48 Seek the soul of Spain in Madrid and Toledo
Madrid only became a capital in the 16th century - by which time Paris and London were already old hands at the job. But it’s been making up for lost time and - being set in the geographical centre of Spain - it’s a fine place to get an overview of food, art and culture from all points of the peninsula over a weekend. Take a trip to the Mercado de San Miguel to taste Galician seafood and jamón from the Portuguese borderlands; make for the Reina Sofia to see works by Catalan artists Miró and Dalí; or visit the National Archaeological Museum to see relics from Mudéjar Andalucia.
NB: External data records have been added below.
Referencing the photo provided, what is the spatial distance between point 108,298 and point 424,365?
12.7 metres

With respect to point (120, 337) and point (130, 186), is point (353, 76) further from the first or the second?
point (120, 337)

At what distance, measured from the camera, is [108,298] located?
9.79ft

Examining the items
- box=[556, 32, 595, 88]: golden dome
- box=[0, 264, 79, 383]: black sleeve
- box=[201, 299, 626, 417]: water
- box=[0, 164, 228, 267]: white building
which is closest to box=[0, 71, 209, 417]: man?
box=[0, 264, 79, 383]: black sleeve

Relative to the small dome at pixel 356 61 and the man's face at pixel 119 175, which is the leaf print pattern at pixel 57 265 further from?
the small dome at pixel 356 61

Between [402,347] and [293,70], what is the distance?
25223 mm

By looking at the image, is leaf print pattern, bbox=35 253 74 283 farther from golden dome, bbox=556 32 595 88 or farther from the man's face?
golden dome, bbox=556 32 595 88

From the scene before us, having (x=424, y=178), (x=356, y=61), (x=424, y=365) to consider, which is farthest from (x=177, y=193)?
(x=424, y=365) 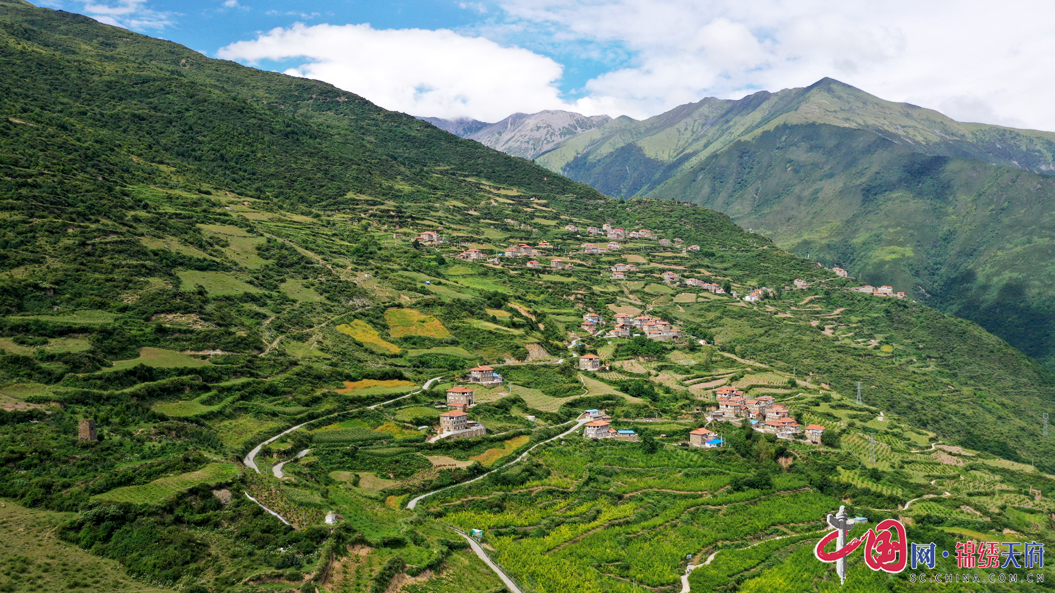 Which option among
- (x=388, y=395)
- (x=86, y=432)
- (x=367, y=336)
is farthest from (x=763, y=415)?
(x=86, y=432)

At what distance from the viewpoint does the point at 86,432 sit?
1192 inches

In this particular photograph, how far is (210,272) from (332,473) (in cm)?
3422

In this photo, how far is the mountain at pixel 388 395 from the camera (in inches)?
1080

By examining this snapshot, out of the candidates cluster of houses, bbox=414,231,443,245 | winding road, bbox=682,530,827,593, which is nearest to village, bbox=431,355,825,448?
winding road, bbox=682,530,827,593

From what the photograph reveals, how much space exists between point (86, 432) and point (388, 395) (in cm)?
2302

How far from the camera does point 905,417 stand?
256ft

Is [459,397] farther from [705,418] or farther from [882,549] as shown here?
[882,549]

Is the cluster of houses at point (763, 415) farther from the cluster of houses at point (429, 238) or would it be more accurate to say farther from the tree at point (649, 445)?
the cluster of houses at point (429, 238)

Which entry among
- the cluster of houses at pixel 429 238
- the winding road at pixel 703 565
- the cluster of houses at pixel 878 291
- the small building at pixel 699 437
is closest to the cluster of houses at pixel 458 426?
the small building at pixel 699 437

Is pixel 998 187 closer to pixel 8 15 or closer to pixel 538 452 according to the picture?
pixel 538 452

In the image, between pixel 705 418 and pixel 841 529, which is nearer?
pixel 841 529

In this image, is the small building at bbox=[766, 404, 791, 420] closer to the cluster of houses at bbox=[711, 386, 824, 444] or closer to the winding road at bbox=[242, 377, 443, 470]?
the cluster of houses at bbox=[711, 386, 824, 444]

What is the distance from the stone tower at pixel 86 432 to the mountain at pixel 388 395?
0.17 metres

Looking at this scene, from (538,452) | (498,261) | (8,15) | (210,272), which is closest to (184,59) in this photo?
(8,15)
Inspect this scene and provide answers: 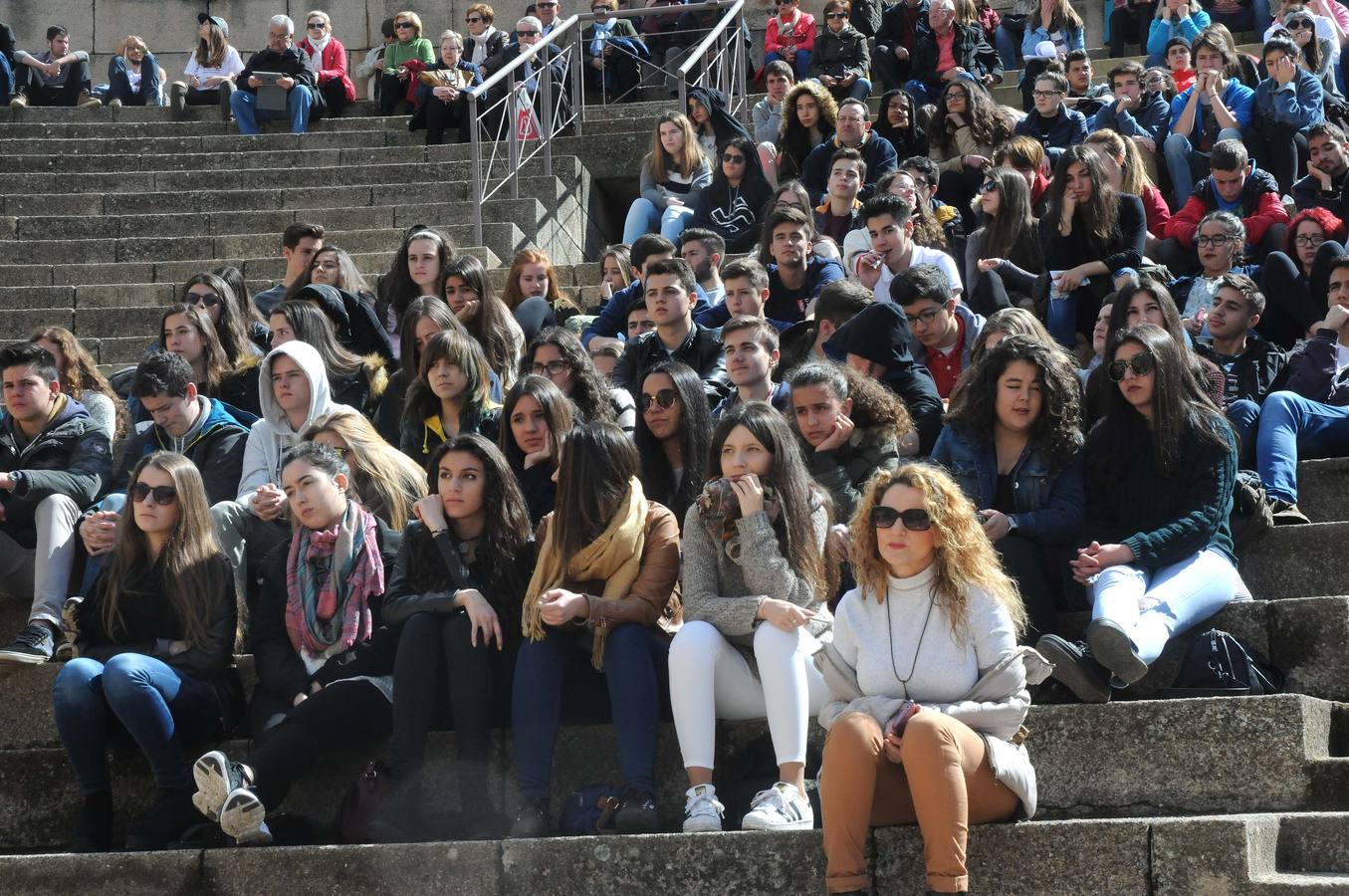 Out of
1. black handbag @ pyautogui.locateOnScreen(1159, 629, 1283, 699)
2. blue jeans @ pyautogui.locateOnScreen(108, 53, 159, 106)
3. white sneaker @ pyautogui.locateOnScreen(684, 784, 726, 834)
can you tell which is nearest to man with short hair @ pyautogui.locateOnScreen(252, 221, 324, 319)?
white sneaker @ pyautogui.locateOnScreen(684, 784, 726, 834)

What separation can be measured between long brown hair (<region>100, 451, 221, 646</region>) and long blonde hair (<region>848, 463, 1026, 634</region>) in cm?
233

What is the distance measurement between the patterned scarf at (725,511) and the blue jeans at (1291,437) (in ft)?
6.62

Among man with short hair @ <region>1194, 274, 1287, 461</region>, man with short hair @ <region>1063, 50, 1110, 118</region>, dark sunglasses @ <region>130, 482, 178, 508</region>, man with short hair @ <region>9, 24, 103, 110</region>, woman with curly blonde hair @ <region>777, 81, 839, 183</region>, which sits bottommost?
dark sunglasses @ <region>130, 482, 178, 508</region>

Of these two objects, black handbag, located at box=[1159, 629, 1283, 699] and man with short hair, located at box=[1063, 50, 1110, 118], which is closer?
black handbag, located at box=[1159, 629, 1283, 699]

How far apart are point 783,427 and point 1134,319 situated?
192 centimetres

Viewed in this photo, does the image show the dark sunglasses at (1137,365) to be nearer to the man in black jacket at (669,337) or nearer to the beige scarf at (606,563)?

Madrid is also perfectly poised for a day trip to Toledo (pictured): a far older Iberian capital, its courtyards and battlements echoing the days when the Moors reigned from Gibraltar to the Pyrenees.
• See
esmadrid.com
and
turismo.toledo.es
49 Seek enlightenment in Thuringia
For all the oompah of Munich, the bohemian brilliance of Berlin or the boisterousness of Hamburg, it’s a tiny town that has the most credible claim to be Germany’s cultural capital. Titans of Teutonic arts gravitated to Weimar. Spend a weekend here to visit the homes of Goethe and Schiller, head to the new Bauhaus Museum to find out how the town influenced 20th-century design, or aimlessly wander its cobbled squares and leafy parklands, paced by the ghosts of Nietzsche, Liszt and Wassily Kandinsky. The surrounding region of Thuringia also inspires mighty thoughts: take a day trip to the trails of the Thuringian Forest - often called the ‘green heart’ of the republic - or scale the battlements at medieval Wartburg Castle, in whose maze of rooms Martin Luther translated the Bible into German.